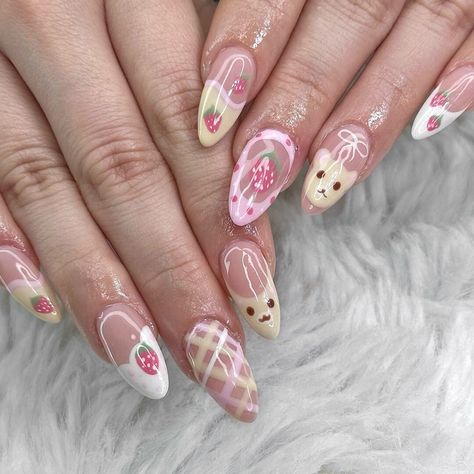 Kawaii Sweet Treats Press-On Nail Set | Cute Dessert-Themed Nails with Pastel Colors 🍰💕 Indulge in the sweetness of our Kawaii Sweet Treats Press-On Nail Set! Designed for lovers of all things cute and sugary, this set features adorable dessert-inspired designs and soft pastel hues, perfect for adding a touch of whimsy to any outfit.  Key Features & Highlights: Sweet Dessert Designs: Each nail is meticulously crafted to showcase charming dessert motifs, including ice cream cones, cute donuts, and fresh strawberries. These playful designs are sure to spark joy and add a playful vibe to your style. 🍩🍦 Pastel Color Palette: Soft pinks, creamy yellows, and delicate whites make up the color scheme, evoking the look of your favorite sweet treats. These colors are designed to be light, airy, Cute Kawaii Nail Designs, Ice Cream Nail Art Design, Dessert Themed Outfits, Amusement Park Nails, Yellow Rose Nails, Theme Nails Designs, Squishmallow Nails, Donut Nails Design, Nail Press On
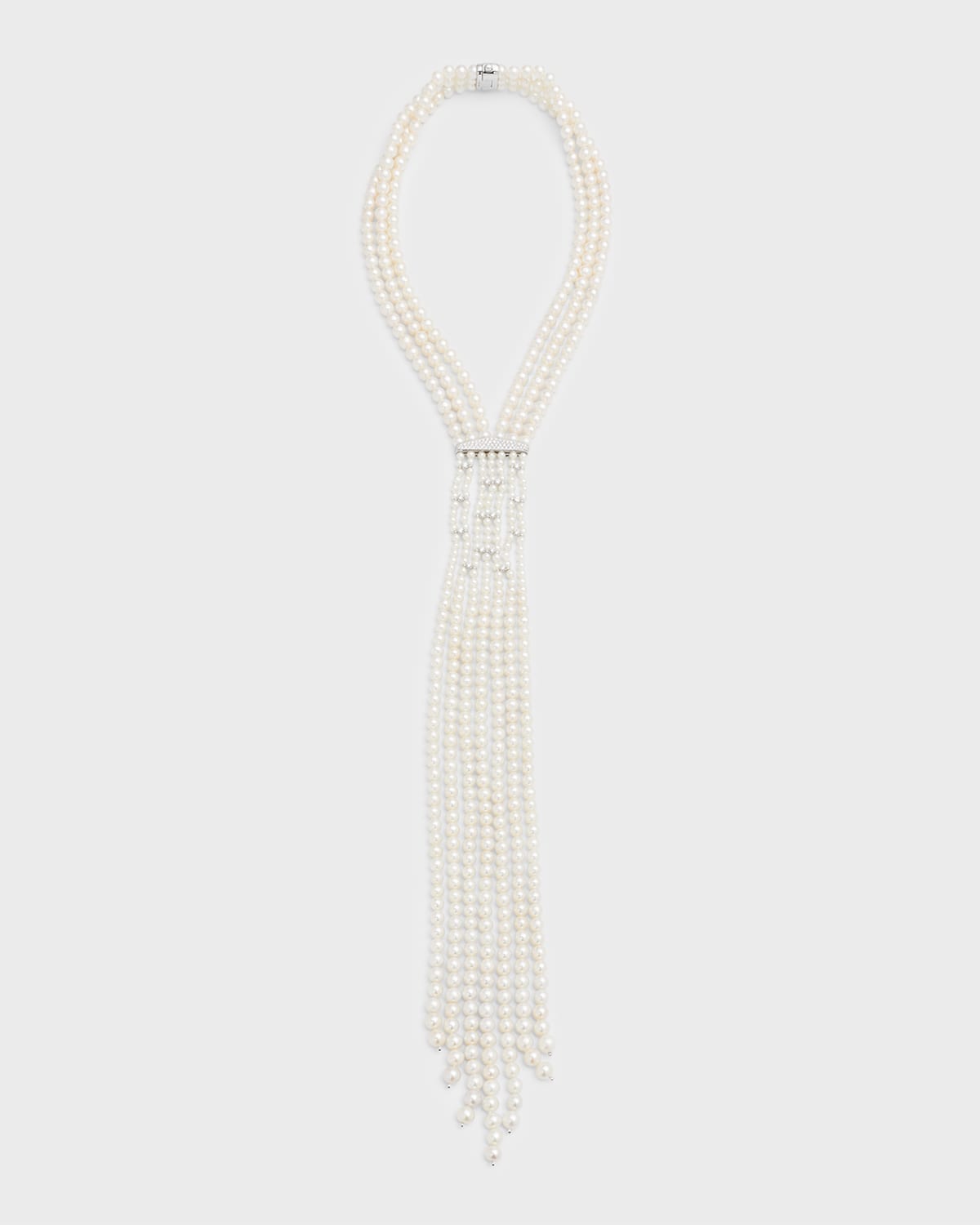 Pearl Tie Necklace with Diamonds
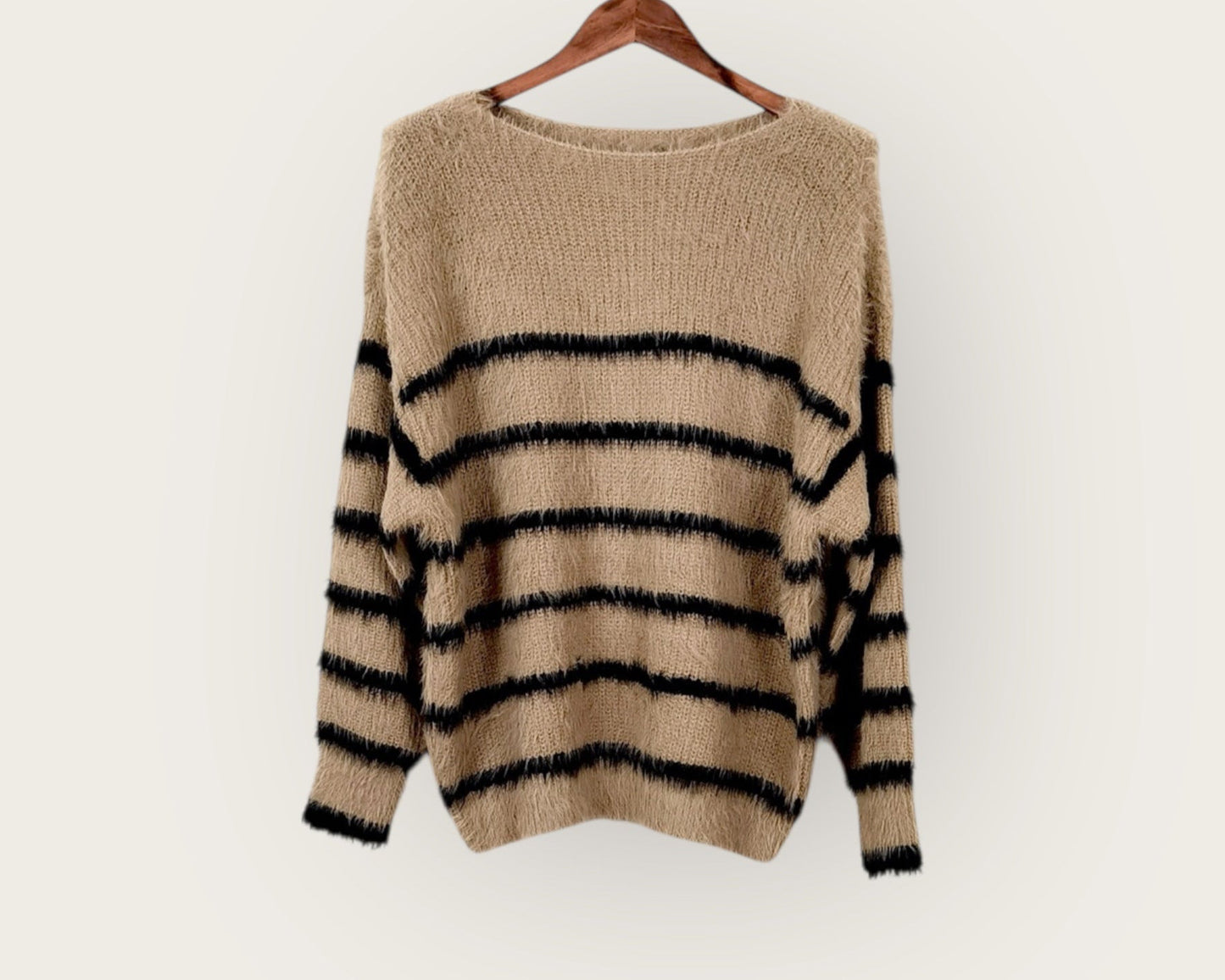Flauschiger Streifenpullover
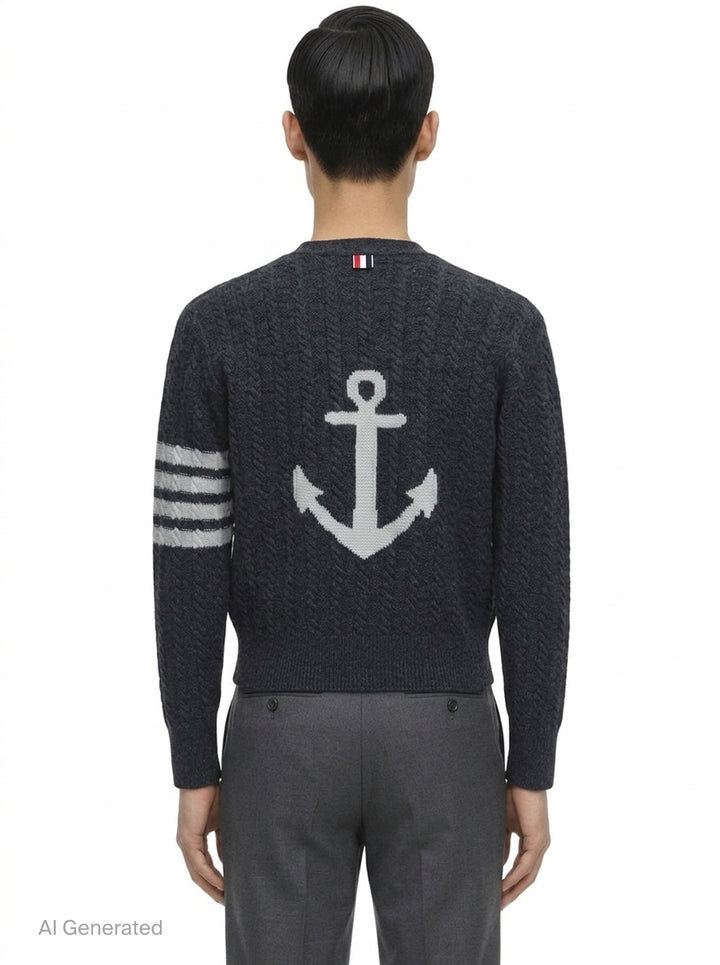 Cable Knit Cropped Cardigan | Thom Browne | Club21 - back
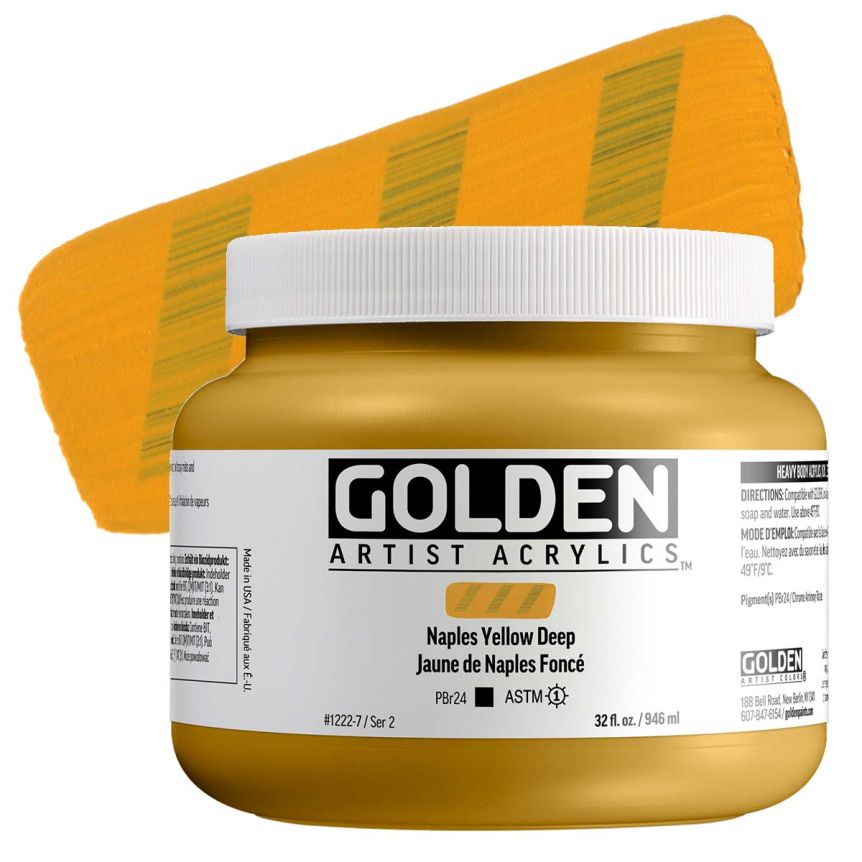 Golden Heavy Body Acrylic - Naples Yellow Deep, 32 oz Jar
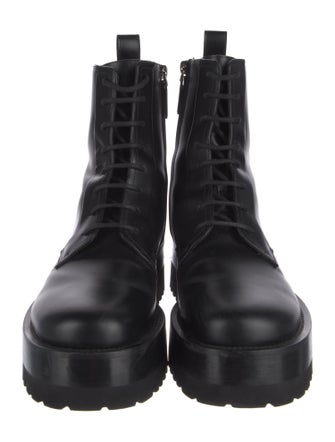 Valentino Leather Combat Boots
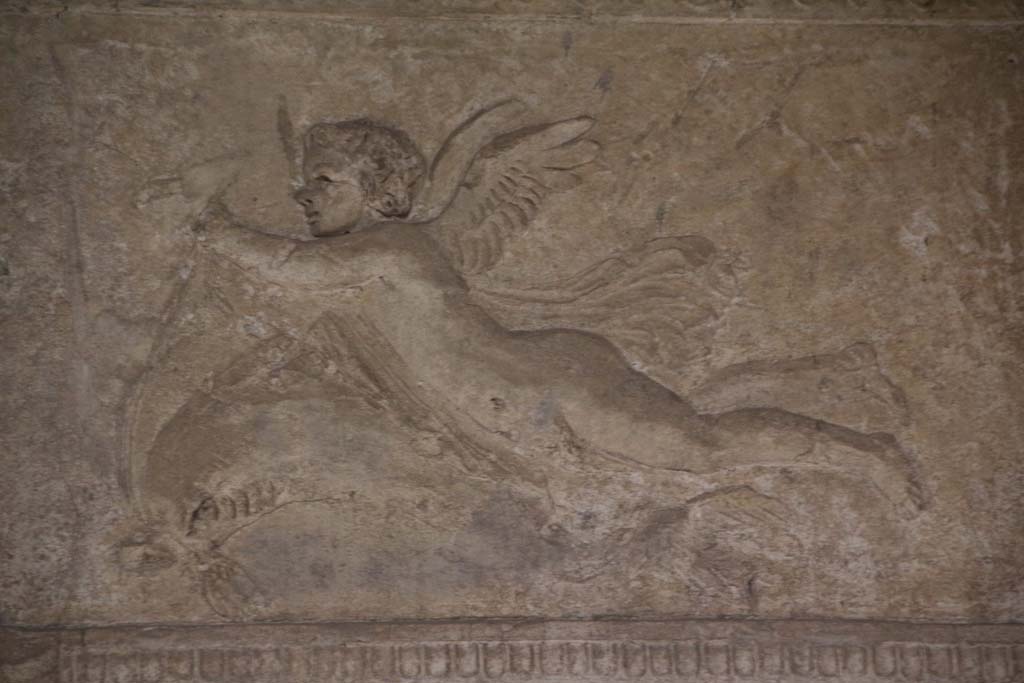 VII.1.8 Pompeii. April 2014. Detail of stuccoed cupid with dolphin from south end of east wall of men’s changing room 2.
Photo courtesy of Klaus Heese.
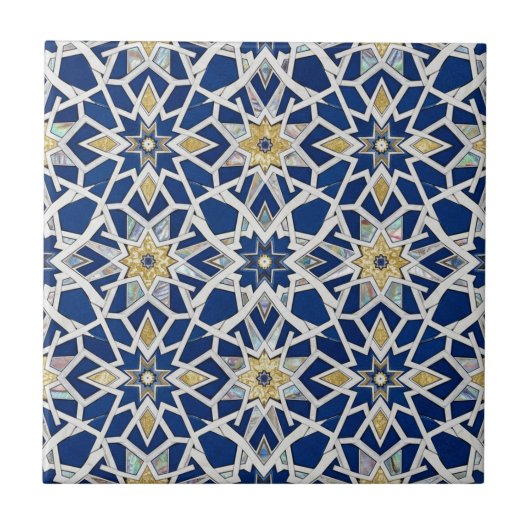 Navy Blue and White Moroccan Zellige Mosaic  タイル (正面)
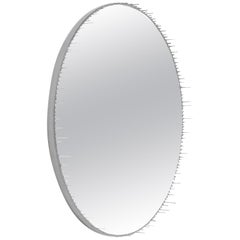 Contemporary Round Resin Drip Mirror in Metallic Silver by Elyse Graham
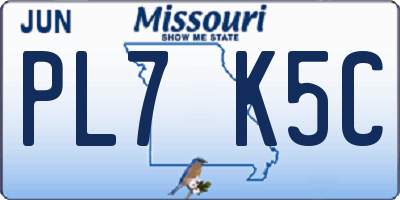 MO license plate PL7K5C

● **DIRECTIONS FOR THIS TASK**
Your task is to copy exactly the lines from the line containing "VII.1.8 Pompeii. April" through the final line of the listing above and to omit every picture.

● **EXERCISE OUTPUT**
 VII.1.8 Pompeii. April 2014. Detail of stuccoed cupid with dolphin from south end of east wall of men’s changing room 2.
Photo courtesy of Klaus Heese.
 Navy Blue and White Moroccan Zellige Mosaic  タイル (正面)
 Contemporary Round Resin Drip Mirror in Metallic Silver by Elyse Graham
 MO license plate PL7K5C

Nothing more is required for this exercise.